[[ DATA EXTRACT open ]]

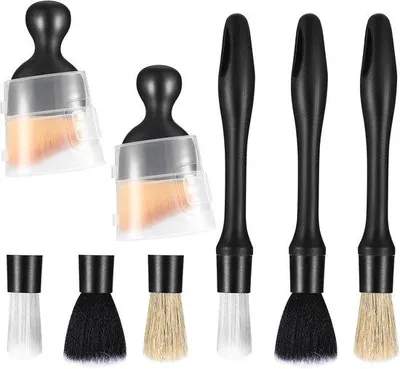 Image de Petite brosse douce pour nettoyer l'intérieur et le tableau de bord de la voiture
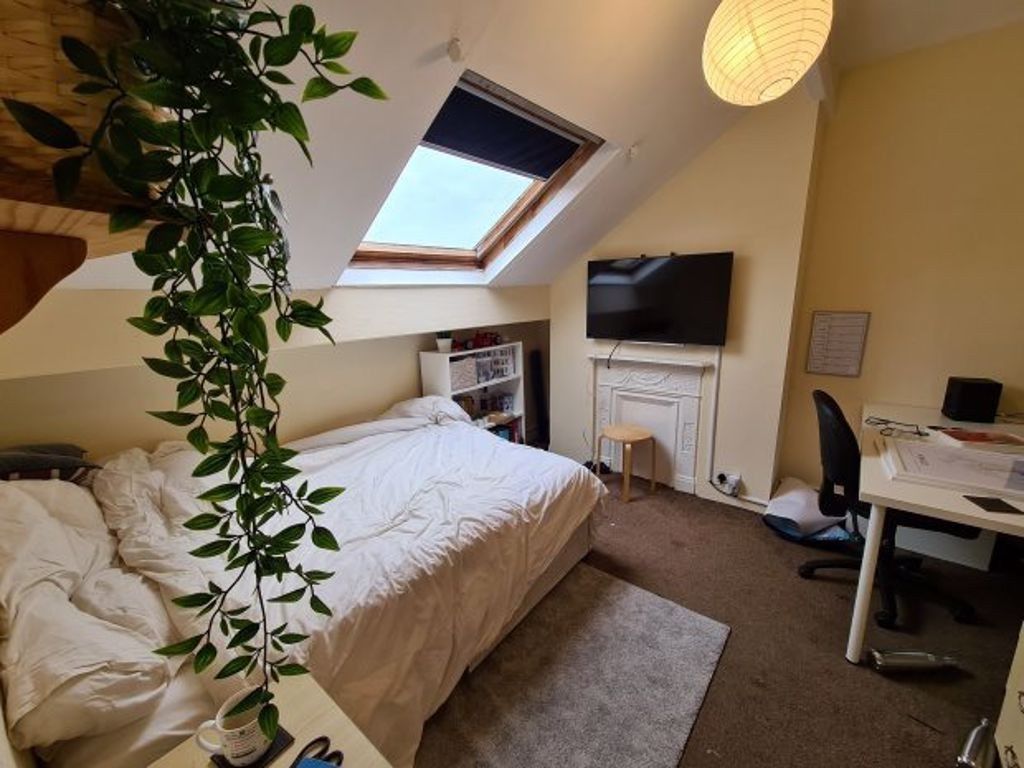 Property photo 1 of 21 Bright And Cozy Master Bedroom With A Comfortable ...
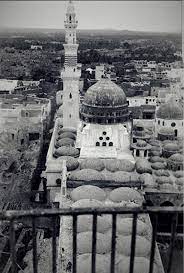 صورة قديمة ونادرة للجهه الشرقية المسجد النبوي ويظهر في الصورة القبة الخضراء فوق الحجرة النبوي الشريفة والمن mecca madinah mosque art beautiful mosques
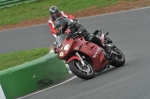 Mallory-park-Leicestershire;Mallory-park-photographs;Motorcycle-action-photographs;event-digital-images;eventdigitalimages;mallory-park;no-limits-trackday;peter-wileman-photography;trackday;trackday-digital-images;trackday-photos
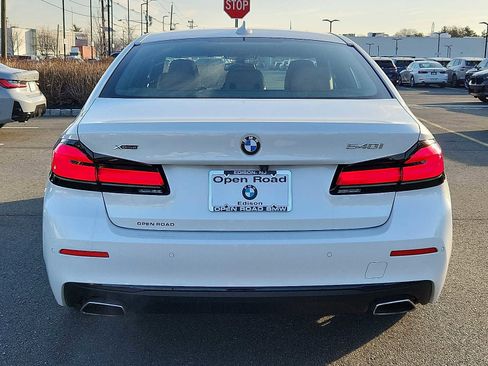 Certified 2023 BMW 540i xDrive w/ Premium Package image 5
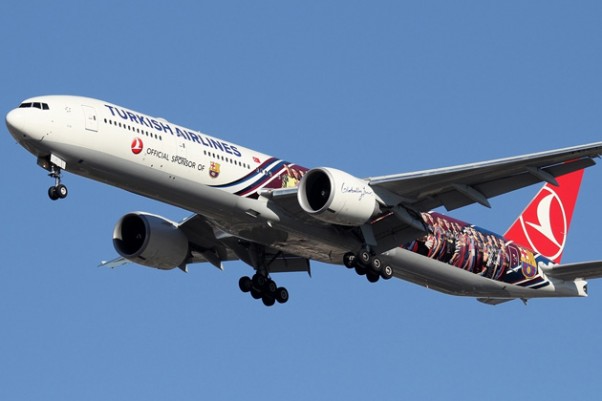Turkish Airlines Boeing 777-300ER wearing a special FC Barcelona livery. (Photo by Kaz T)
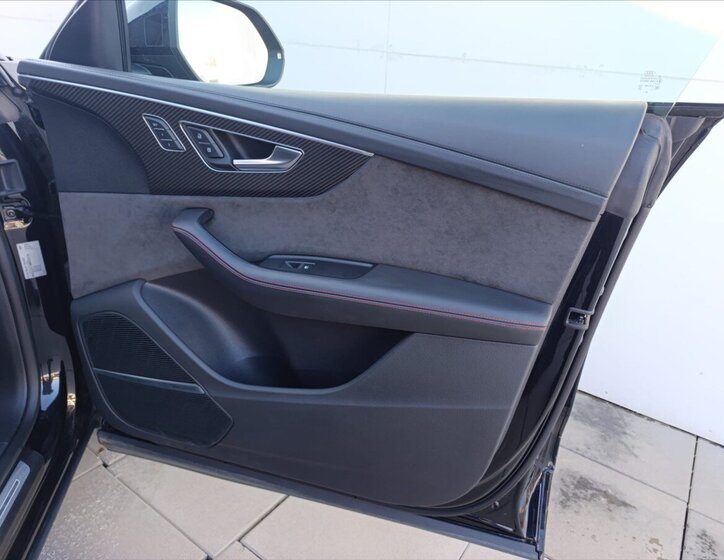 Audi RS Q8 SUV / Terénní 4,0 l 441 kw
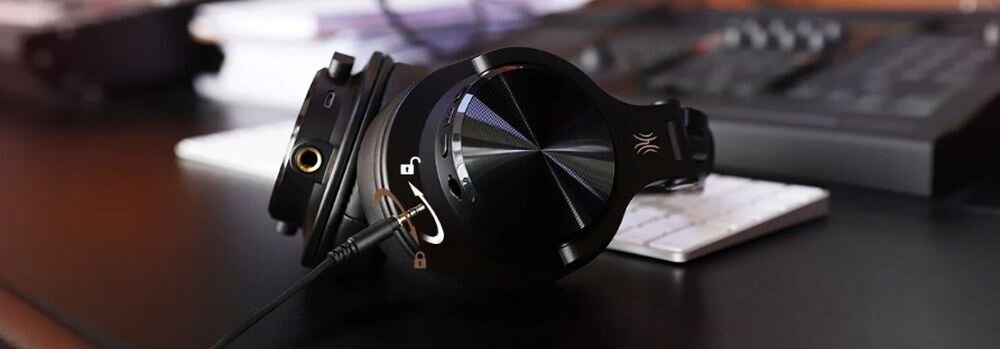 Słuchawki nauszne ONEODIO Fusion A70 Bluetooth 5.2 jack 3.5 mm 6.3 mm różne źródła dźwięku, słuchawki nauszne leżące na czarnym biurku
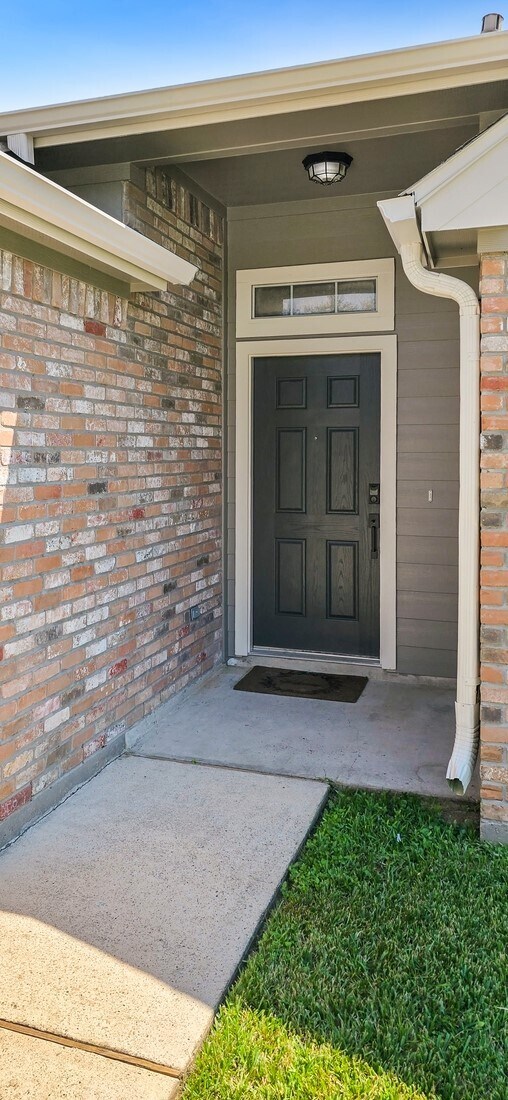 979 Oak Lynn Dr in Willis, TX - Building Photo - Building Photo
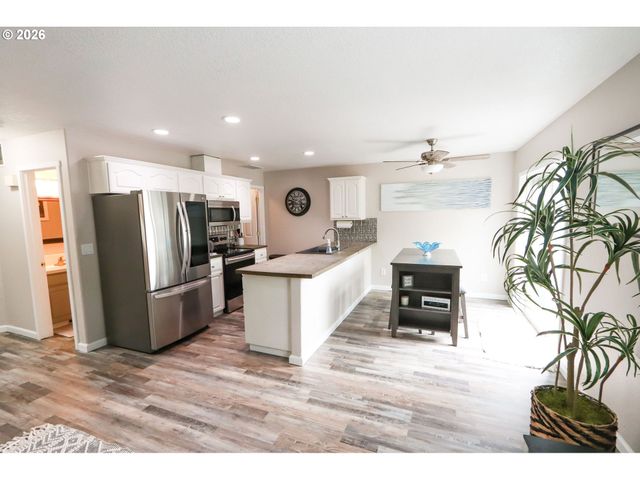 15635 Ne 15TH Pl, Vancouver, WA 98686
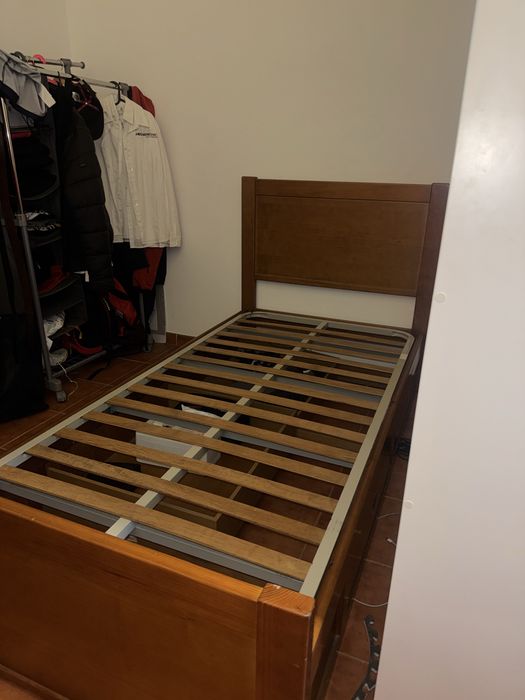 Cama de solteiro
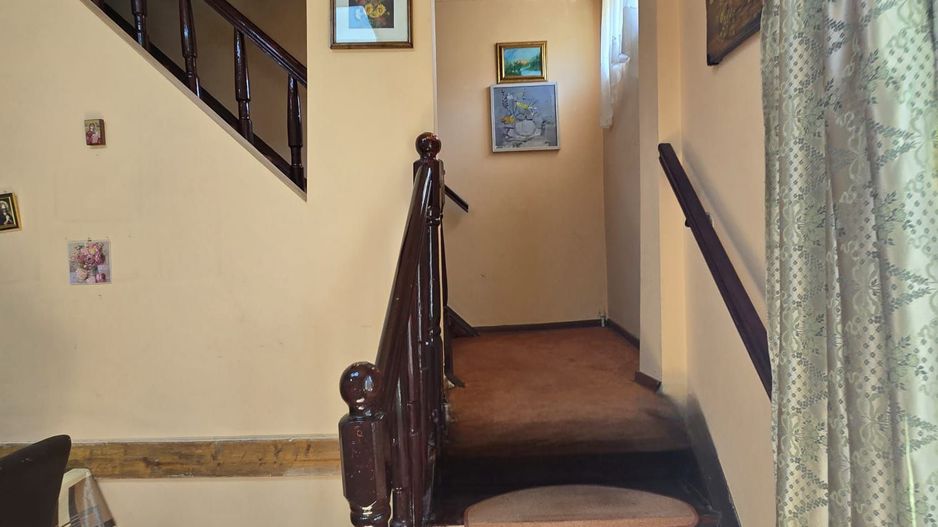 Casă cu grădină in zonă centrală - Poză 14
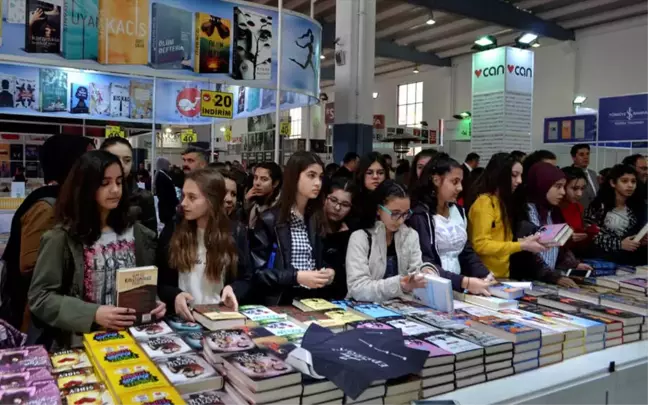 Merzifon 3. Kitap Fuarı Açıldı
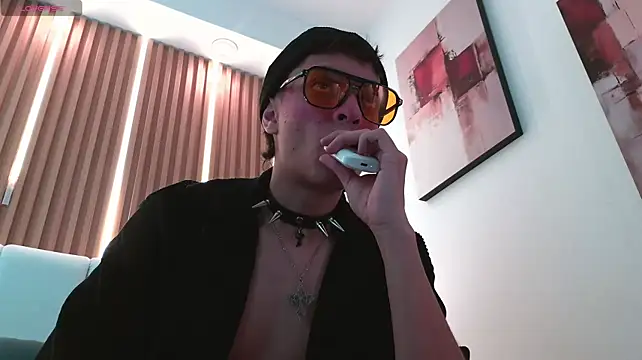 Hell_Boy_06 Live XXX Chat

[[ DATA EXTRACT closed ]]

Skip the pictures and transcribe the rest of the records exactly.

§ WORKED SOLUTION:
 Image de Petite brosse douce pour nettoyer l'intérieur et le tableau de bord de la voiture
 Property photo 1 of 21 Bright And Cozy Master Bedroom With A Comfortable ...
 صورة قديمة ونادرة للجهه الشرقية المسجد النبوي ويظهر في الصورة القبة الخضراء فوق الحجرة النبوي الشريفة والمن mecca madinah mosque art beautiful mosques
 Mallory-park-Leicestershire;Mallory-park-photographs;Motorcycle-action-photographs;event-digital-images;eventdigitalimages;mallory-park;no-limits-trackday;peter-wileman-photography;trackday;trackday-digital-images;trackday-photos
 Certified 2023 BMW 540i xDrive w/ Premium Package image 5
Turkish Airlines Boeing 777-300ER wearing a special FC Barcelona livery. (Photo by Kaz T)
 Audi RS Q8 SUV / Terénní 4,0 l 441 kw
 Słuchawki nauszne ONEODIO Fusion A70 Bluetooth 5.2 jack 3.5 mm 6.3 mm różne źródła dźwięku, słuchawki nauszne leżące na czarnym biurku
 979 Oak Lynn Dr in Willis, TX - Building Photo - Building Photo
 15635 Ne 15TH Pl, Vancouver, WA 98686
 Cama de solteiro
 Casă cu grădină in zonă centrală - Poză 14
 Merzifon 3. Kitap Fuarı Açıldı
 Hell_Boy_06 Live XXX Chat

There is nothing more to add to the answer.